Et ça fait du monde, sous l’océan ! Il y a aujourd’hui environ 258 câbles, qui sont financés par des opérateurs privés. Car, depuis que l’Administration Clinton a privatisé le fameux backbone [racine] d’Internet, ce sont les opérateurs télécoms et des entreprises privées comme Facebook et Google qui financent les câbles et décident de l’infrastructure. Ainsi, Microsoft et Facebook se sont associés avec un opérateur espagnol « classique » et couché un câble, appelé Marea, sur les fonds de l’océan entre Virginia [États-Unis] et Bilbao [Espagne].

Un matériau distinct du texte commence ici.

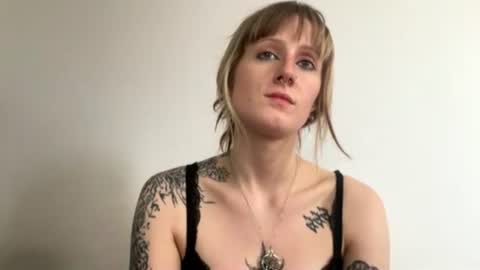 Snapshot of larasweetgirl chatting on July 2026 04:02:01 PM Lara online show from July 2026 04:02:01 PM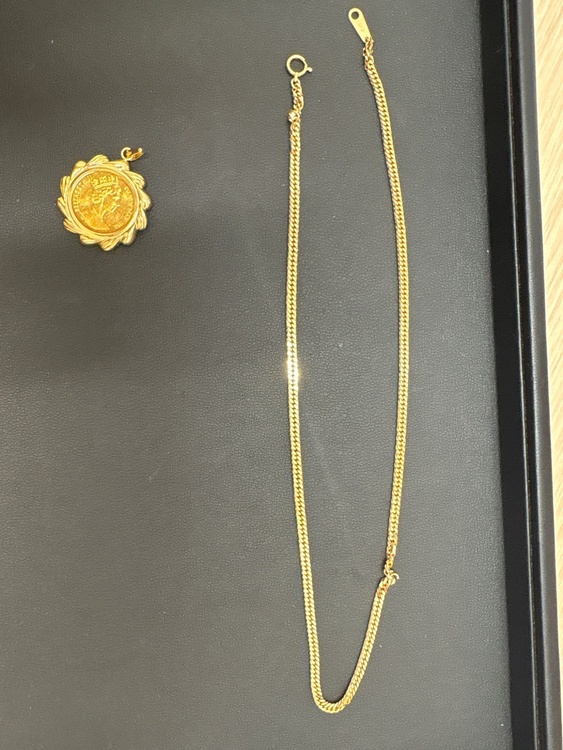 Volar de oro con dije（金・貴金属）の商品画像 - 査定依頼日：2026年8月29日 - 最高査定価格：520,000円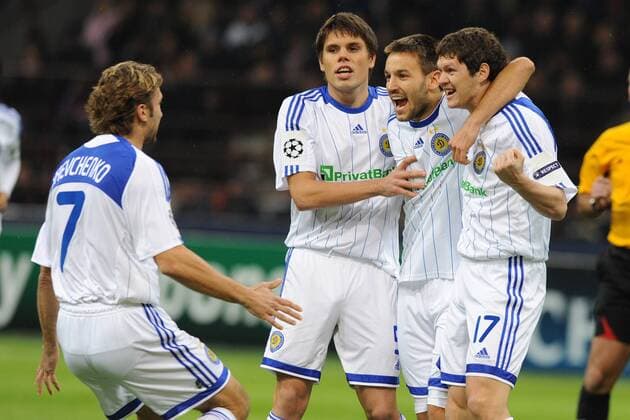 Taras Mikhalik (Dynamo Kiew, re.) jubelt - 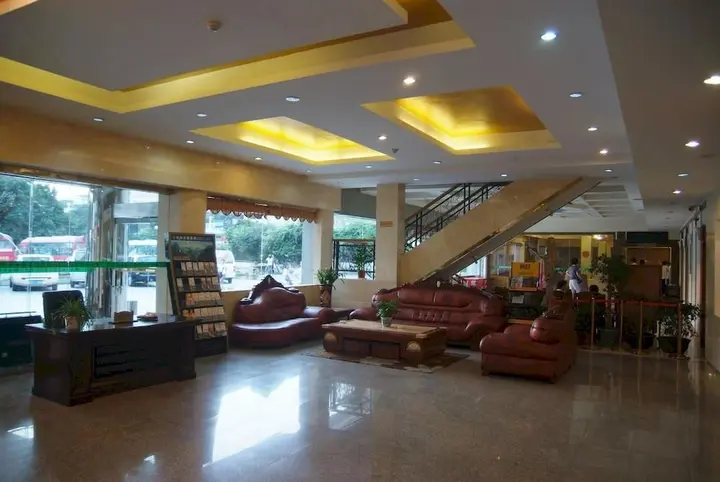 Гуйлинь: Guilin New Plaza Hotel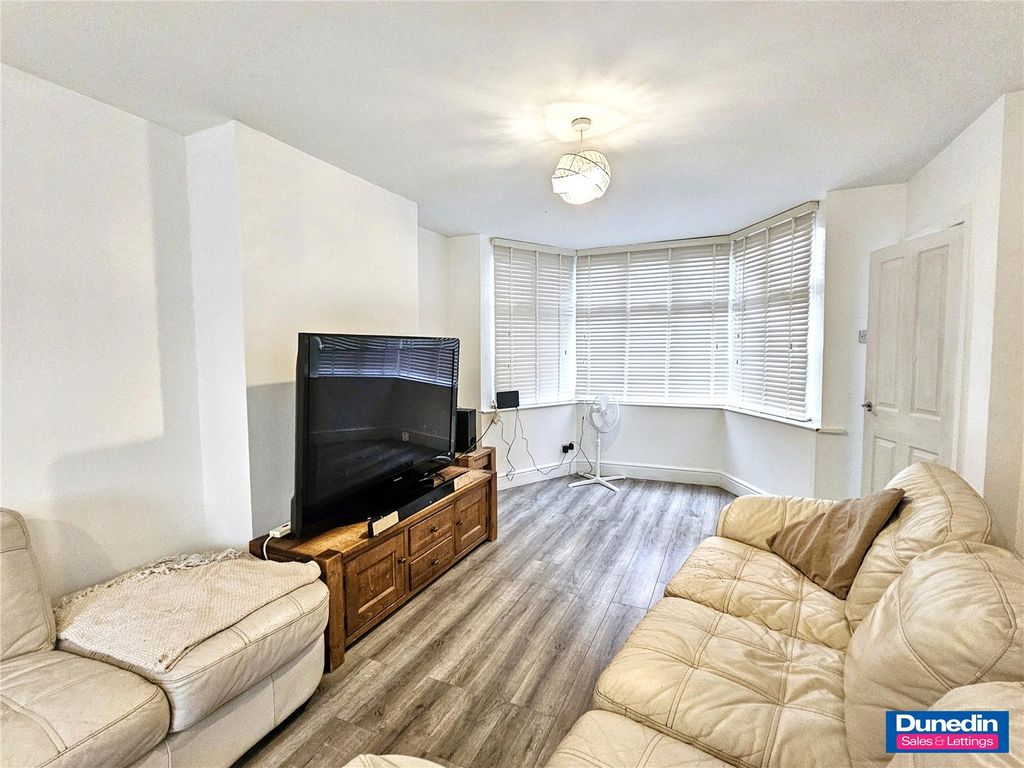 Property photo 3 of 14 Picture No. 11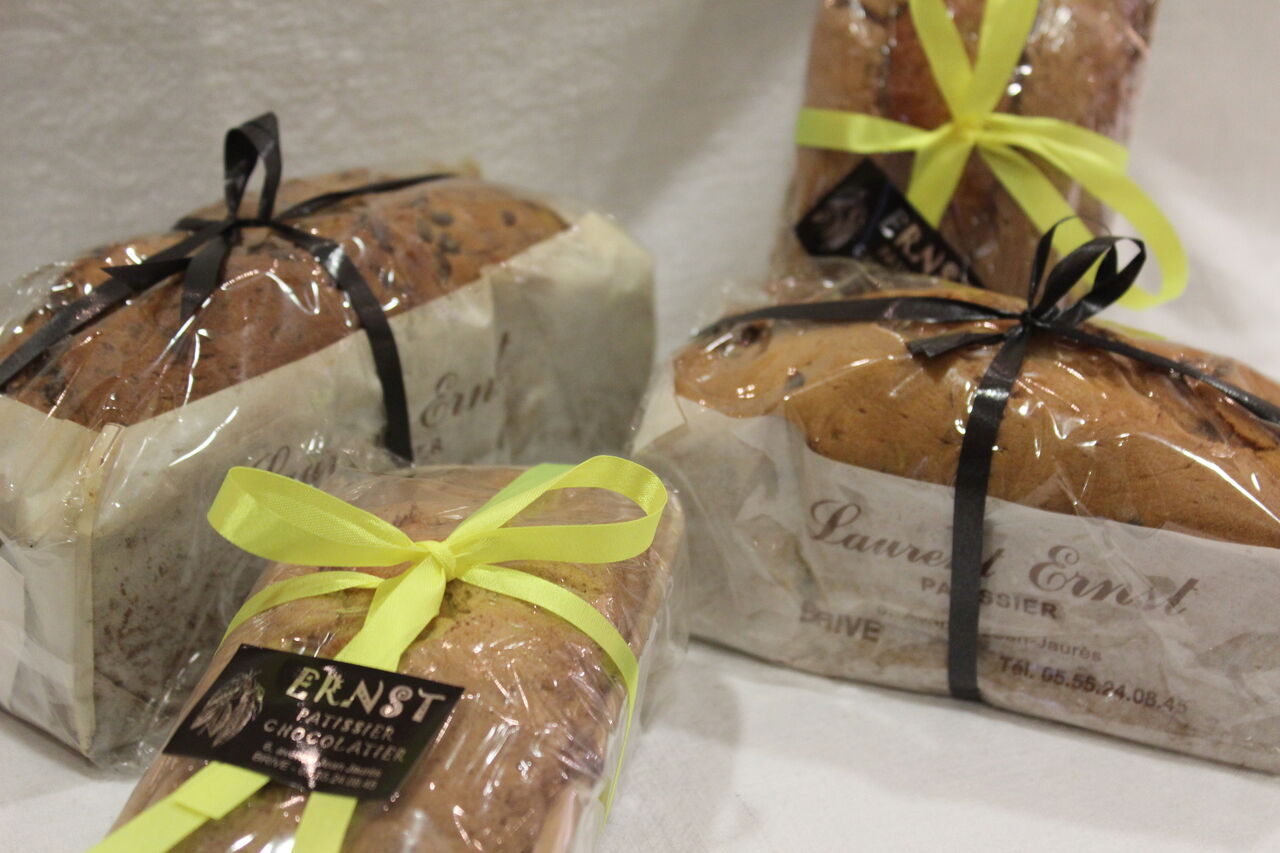 Nos cakes au citron, pépites de chocolat et fruits confits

Depuis quelques années, cette situation soulève des polémiques autour de la gouvernance du web physique, car Internet est devenu tellement important pour l’économie globale et pour la sécurité qu’il est difficilement envisageable que des forces politico-économiques puissent nuire au réseau.

 

 

 

[1] « While Francfurt’s exchange projected a polished character, AMS-IX seemed to thrive for a thoughtful informality, a philosophy that extended to its offices in a matched pair of historic town houses near the centre of the old city. (…) There was a homeyness to AMS-IX that I hadn’t yet encountered in the Internet. Rather than the network being the realm of conspiracy theories and hidden infrastructure, the exchange embodied a spirit of transparency and individual responsibility. And it turned out, that feeling extended to its physical infrastructure. » dans : Blum, Andrew. Tubes —Behind the Scenes at the Internet. Penguin Books, 2012, p.154.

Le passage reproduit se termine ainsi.